**YOUR INSTRUCTIONS:**
Your reply should reproduce each line below exactly and carry none of the pictures.

**GIVEN DATA:**
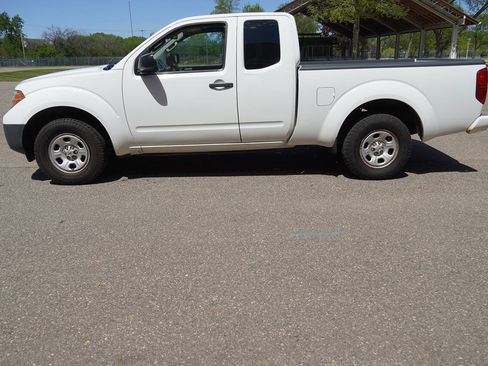 Used 2017 Nissan Frontier S RWD image 3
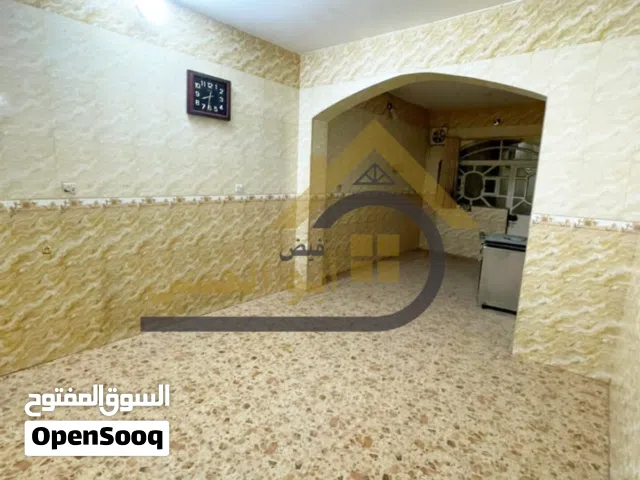150 m2 2 Bedrooms Townhouse for Rent in Basra Khadra'a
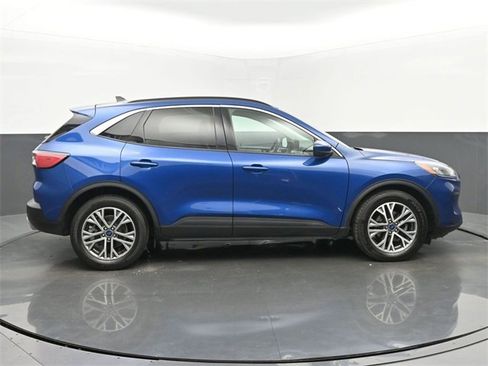 Used 2022 Ford Escape SEL image 6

**ANSWER:**
 Used 2017 Nissan Frontier S RWD image 3
150 m2 2 Bedrooms Townhouse for Rent in Basra Khadra'a
 Used 2022 Ford Escape SEL image 6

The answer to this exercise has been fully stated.